Getting Digitally Inspired at ISTE

| By Tamara Grunberger

This summer, the DigitalJLearning Network had the pleasure of taking 15 Jewish Day School educators to the 2015 ISTE Conference in Philadelphia, PA. We asked the participants to share what they learned and how the conference inspired them to take action in their schools. Tamara Grunberger (@GTgrunberger), Director of the Middle School at Netivot HaTorah Day School, has the honor of being the first installment in this new blog series.


TamaraWhen I learned I would be attending ISTE 2015 in partnership with the DigitalJLearning Network (DJLN) many people shared advice regarding what the conference experience would be like. I was warned about the plethora of sessions available and how overwhelming it could be so it was important for me to go into the conference with a specific focus for learning. The two topics which were emphasized in most of the sessions I attended were digital portfolios and blended professional development for teachers.

In my role as Director of the Middle School at Netivot HaTorah Day School in Toronto, I am responsible for developing and supervising professional development for our teachers. Professional development (PD) can take many forms, and in the past most of the goals and topics were prescribed by me or my administrative colleagues with prior input from teachers. I have been interested in differentiating some PD opportunities and was hoping that someone else at ISTE was sharing ways to do this using technology. One of the sessions I attended was given by school administrators in partnership with their technology integrators. There I learned some interesting tools and tricks they used to integrate technology into PD and was able to think about ways to apply some of their models to topics not related to technology. One method which interested me was the development of a website or online platform for an administrator to use to share resources with faculty and staff. I would like to take this idea a bit further and create a platform where not only can an administrator share with colleagues but where to faculty can have agency and share as well.

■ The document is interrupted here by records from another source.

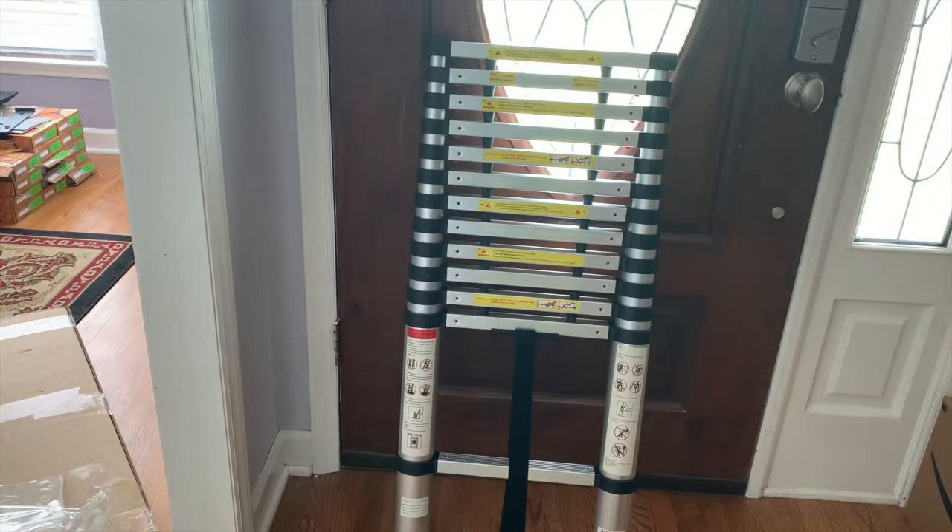That's the new toy for the garage and the house. Thanks for watching everyone. It's a nice ladder — I have no issues with it, no complaints. Like I said, I've used it a handful of times. It's not ideal for doing stuff inside the house — it's really an outside ladder.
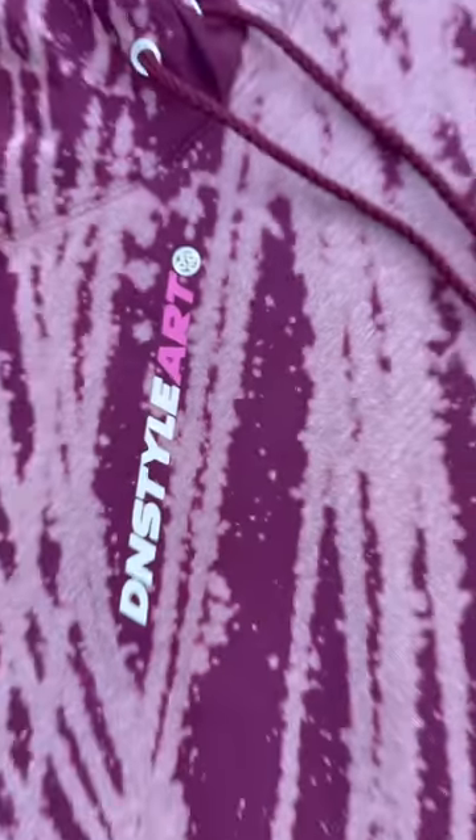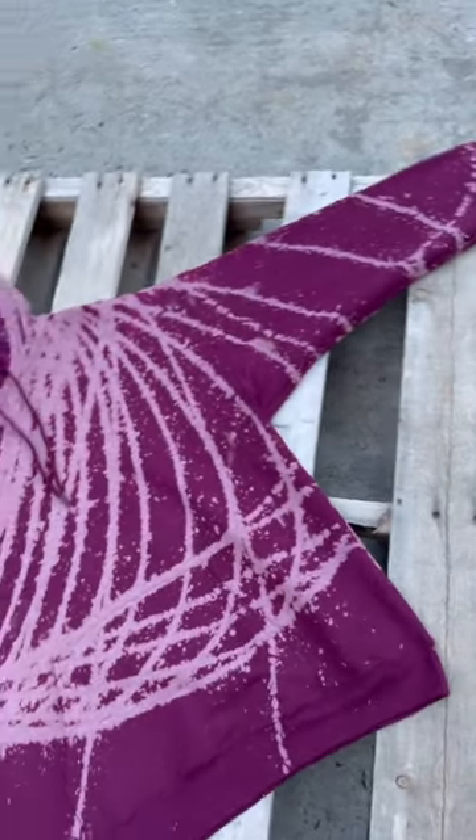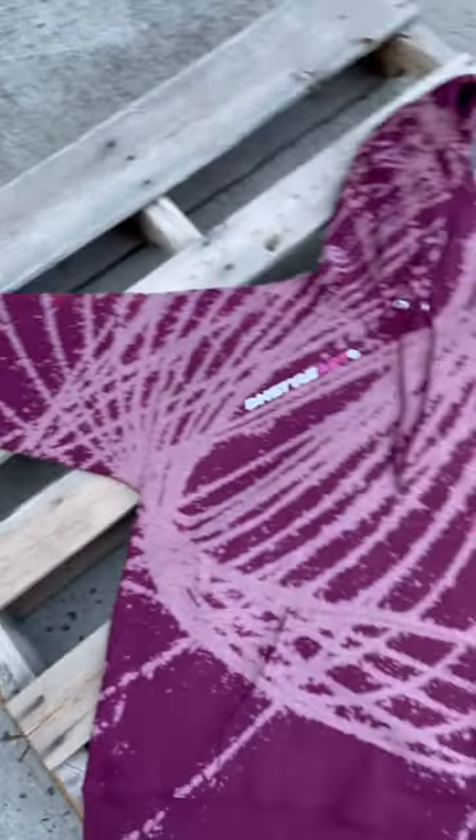Alright, I threw the de-install art logo right there on the chest. Check out how the front came out. This came out ill, I like the color burgundy, I like the pattern. Alright, let's check out the back of the hoodie.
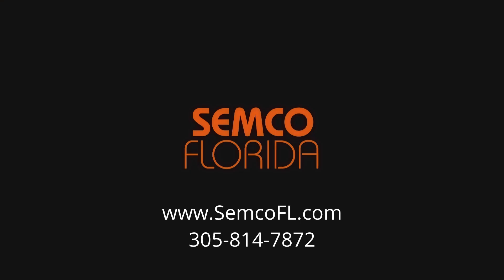To try out a sample or get more information, contact us at semcofl.com.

Digital portfolios is another topic that interested me. Having an online platform to curate and reflect on their work would be a great opportunity for middle school students. Developmentally, students at this age are becoming more independent and learning to take more ownership over their learning. Having a digital portfolio, which they create and develop under the guidance of an educator, would allow them some autonomy and provide a guided experience in identifying good work and reflecting on how it best displays their strengths. In the sessions on this topic two points stood out.

The first important moment came when viewing examples of digital portfolios of high school students. Our presenter shared her rationale for having digital portfolios. She argued that in the 21st century higher education and job market, digital portfolios are the best way to promote yourself to future employers and schools. In her mind they are the wave of the future and important for all individuals to have in order to remain competitive. A colleague of mine remarked that this is equally important for our Day School students.

A second takeaway came from a session in which two technology integrators described the process they used to roll out digital portfolios to 20,000 students in a district. When they completed their roll-out, all the students, staff and schools each had a digital portfolio with the exception of one student. I found this a meaningful point because sometimes we may find the task of implementing something new in our much smaller institutions daunting. If this district could integrate this concept with 20,000 students, then a Day School is doable. I was inspired by the roll-out to 20,000 students, and I am hoping to more practically experiment with creating digital portfolios with our Middle School staff as well as with our grade 6 students.

With both of the topics I set out to learn about I was pleased to have attended such informative and practical sessions. Even more valuable was the unparalleled opportunity to share and reflect with so many talented and committed educators through the DJLN and at the general conference. Everyone was happy to share their resources and knowledge which is often one of the best ways to learn and grow.

I want to thank DJLN and The Avi Chai Foundation for their sponsorship and support and look forward to sharing my experiences throughout the year.